14. Directional Derivatives and Gradients

e. Tangent and Normal, Lines and Planes to Level Sets

3. Normal Lines to Level Sets

The gradient is normal to each level set. So not only can it be used to find the tangent line to a level curve in \(\mathbb R^2\) and the tangent plane to a level surface in \(\mathbb R^3\), it can also be used to find a normal line to a level set in \(\mathbb R^2\) or \(\mathbb R^3\).

The parametric equation of a line is \(X=P+t\vec v\) where \(P\) is a particular point, \(\vec v\) is a direction (or tangent) vector and \(X\) is a general point, either \((x,y)\) or \((x,y,z)\). For the normal line to a level set at a point \(P\), the direction vector is the normal to the level set, which in turn is the gradient vector at \(P\): \[\vec v=\vec N=\left.\vec\nabla F\right|_P\]

Find the line perpendicular to the ellipse \(\dfrac{x^2}{9}+\dfrac{y^2}{4}=2\) at the point \((3,2)\).

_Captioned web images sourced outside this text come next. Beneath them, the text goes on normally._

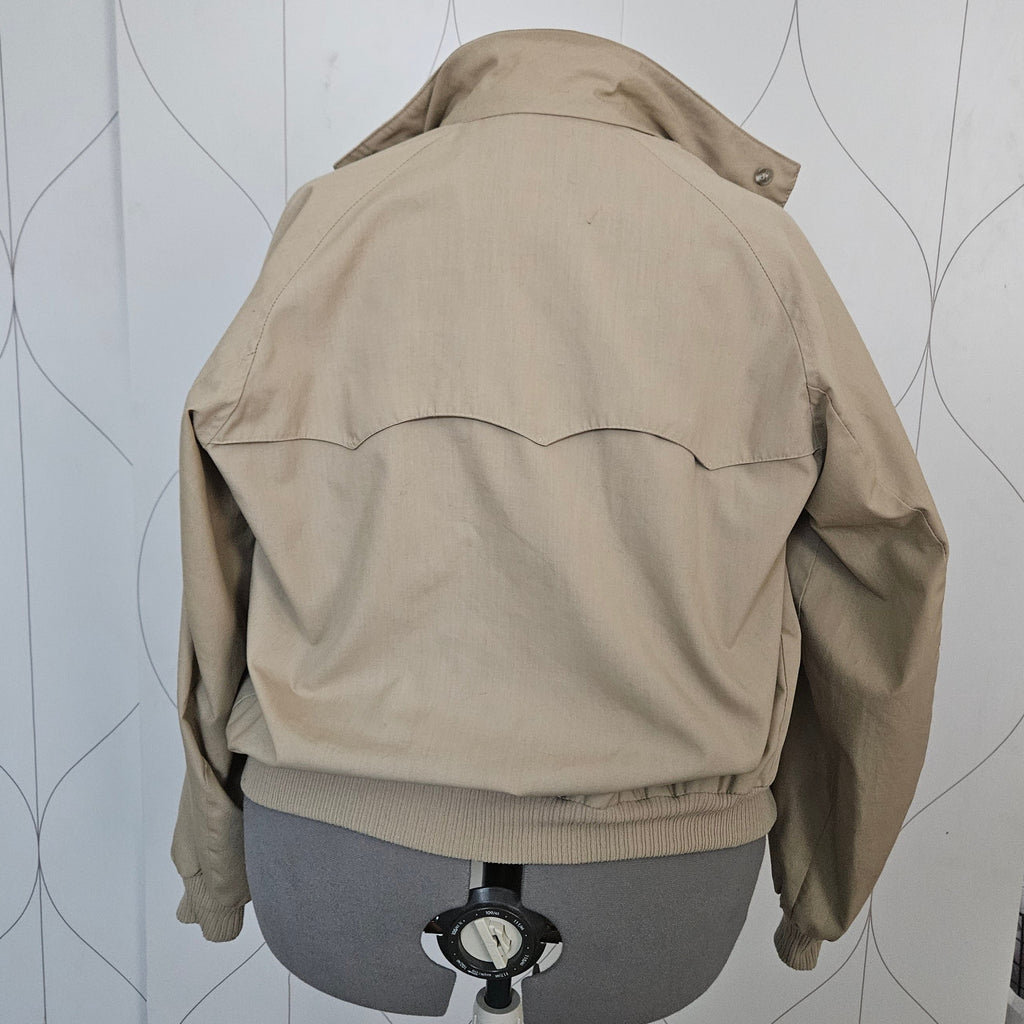 Back of beige jacket with ribbed bottom and curved back yoke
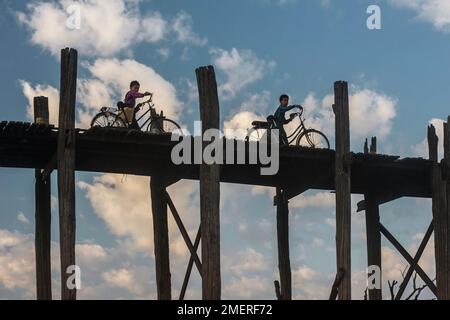 Myanmar, Mandalay, Amarapura, Kinder, die bei Sonnenaufgang ihre Fahrräder über die U-Beins-Brücke schieben Stockfoto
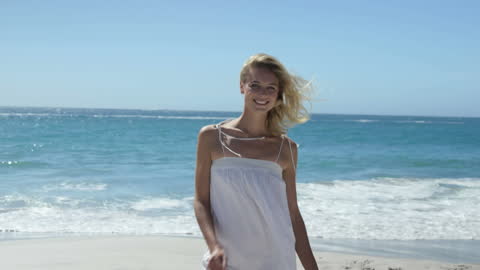 Joyful Woman Enjoying a Day at the Beach with Panorama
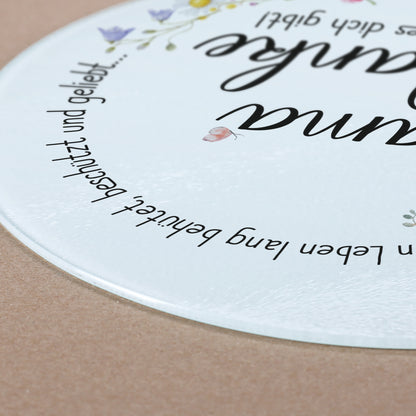 Nahaufnahme des Glasbrettchens, das auf einer hellbraunen Unterlage liegt. Die leicht erhabene Struktur der geriffelten Glasoberfläche ist erkennbar. Der Spruch „Ein Leben lang behütet, beschützt und geliebt…“ zieht sich sanft um den Rand des Bretts. Ein kleiner Schmetterling ergänzt das liebevolle Design.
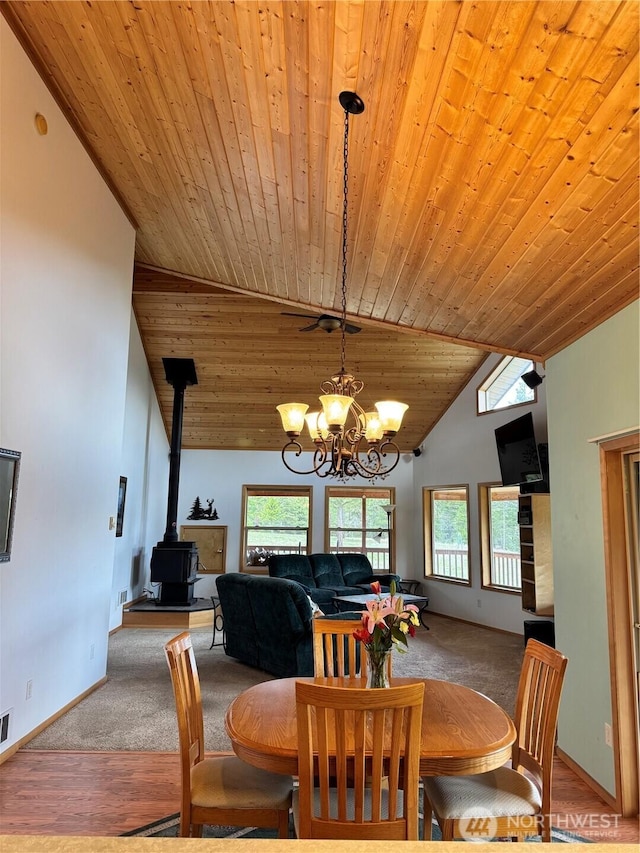 carpeted dining area featuring wooden ceiling, an inviting chandelier, baseboards, a wood stove, and high vaulted ceiling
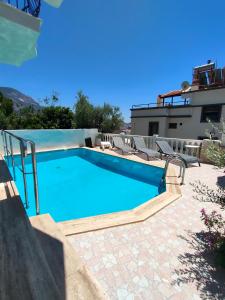 a swimming pool with chairs and a house at ATHERİNA BUTİK OTEL in Kaş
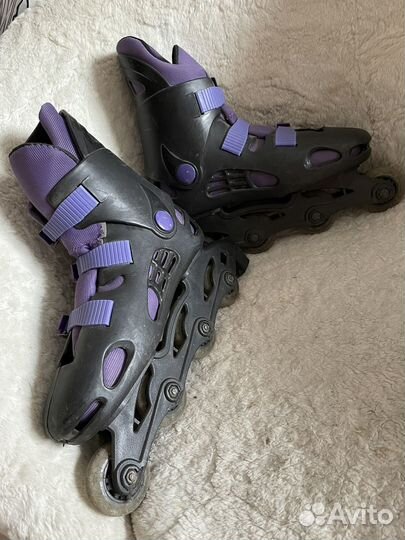 Роликовые коньки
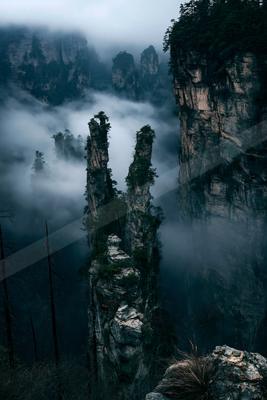 A dramatic landscape of mountains, valley, trees.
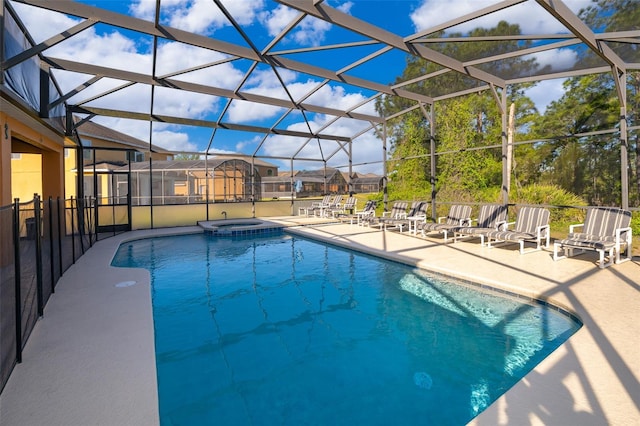 view of swimming pool with a patio area, a lanai, and an in ground hot tub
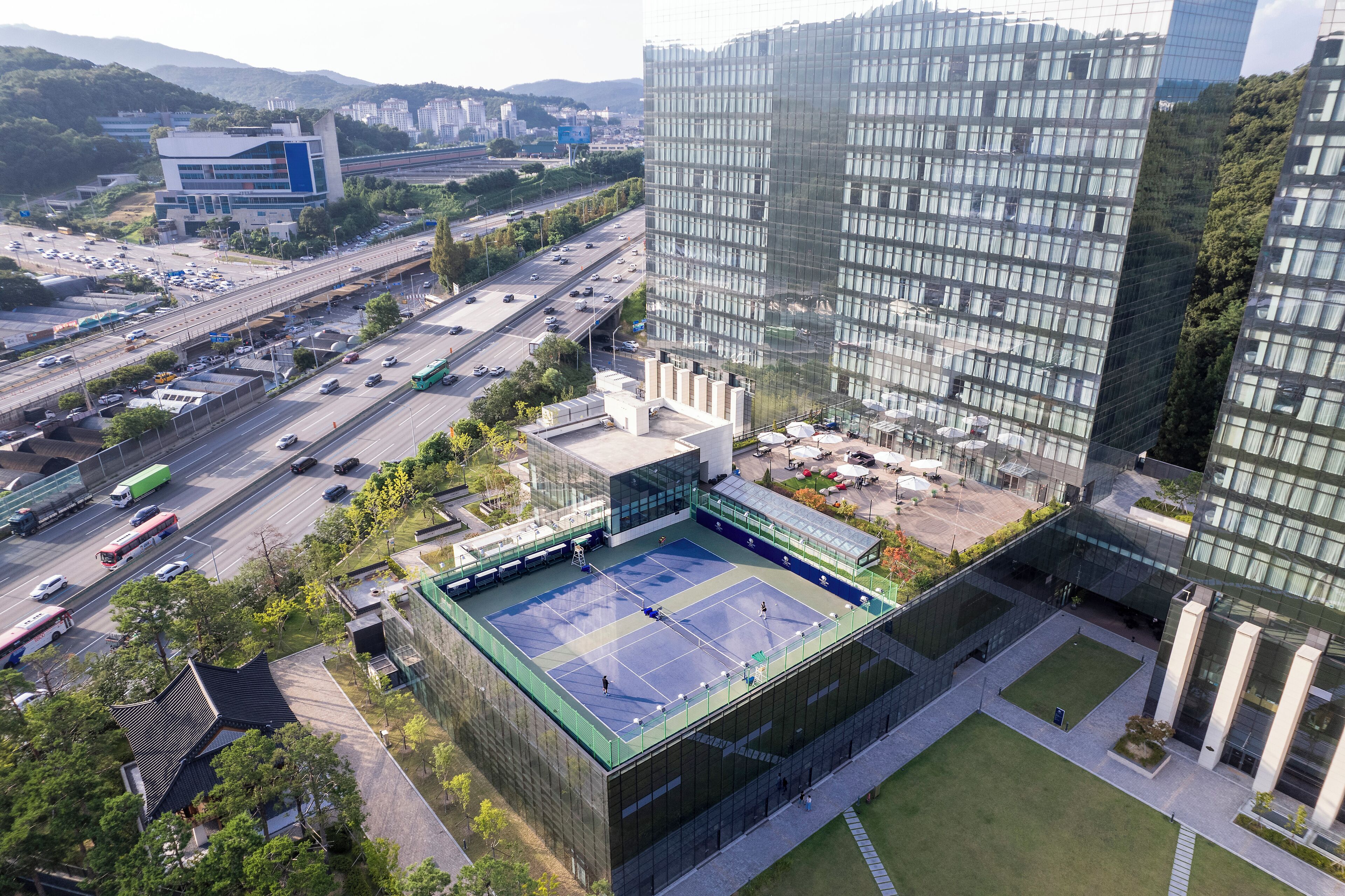 Um edifício moderno com quadra de tênis no terraço, cercado por infraestrutura urbana e vegetação.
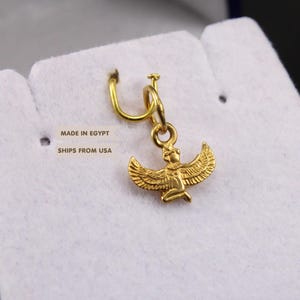 May include: A gold-colored metal charm featuring a winged figure with outstretched wings, suspended from a small circular jump ring. The charm displays intricate detailing on the wings and body, presented against a white textured surface.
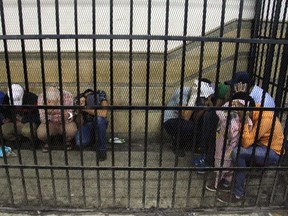 Eight Egyptian men on trial for doing a video prosecutors claimed was of a gay wedding hide their identities as they sit in the defendant's cage during their trial in Cairo on November 1, 2014.  AFP PHOTO / STR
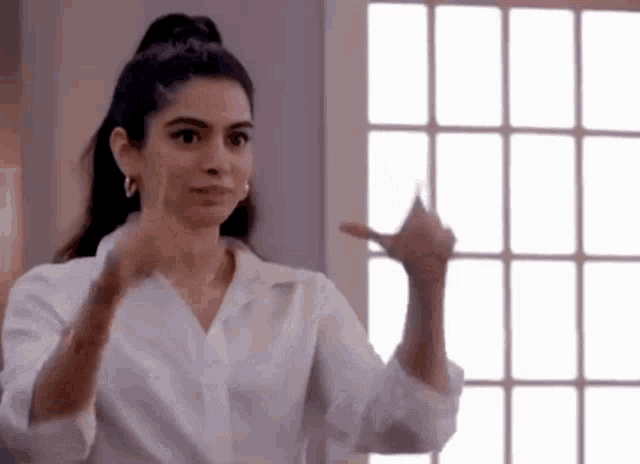 a woman in a white shirt is pointing at a window .
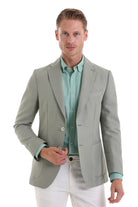 A sleek, light sage green blazer with a tailored fit and subtle texture.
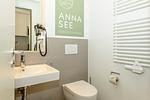 Badezimmer mit WC, Waschtisch und Spiegel - Apartmentvilla Anna See 2-06 - Top-Hundeurlaub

The ellipse is a level set of the function \(F(x,y)=\dfrac{x^2}{9}+\dfrac{y^2}{4}\) with value \(2\). Its gradient is: \[ \vec\nabla F=\left(\dfrac{2x}{9},\dfrac{2y}{4}\right) \] So the direction vector of the normal line is the normal vector at \((3,2)\): \[ \vec N=\left.\vec\nabla F\right|_{(3,2)} =\left(\dfrac{6}{9},\dfrac{4}{4}\right) =\left(\dfrac{2}{3},1\right) \] Thus the equation of the line is \[ X=P+t\vec N \qquad \text{or} \qquad (x,y)=(3,2)+t\left(\dfrac{2}{3},1\right) \] or \[ x=3+\dfrac{2}{3}t \qquad \text{and} \qquad y=2+t \]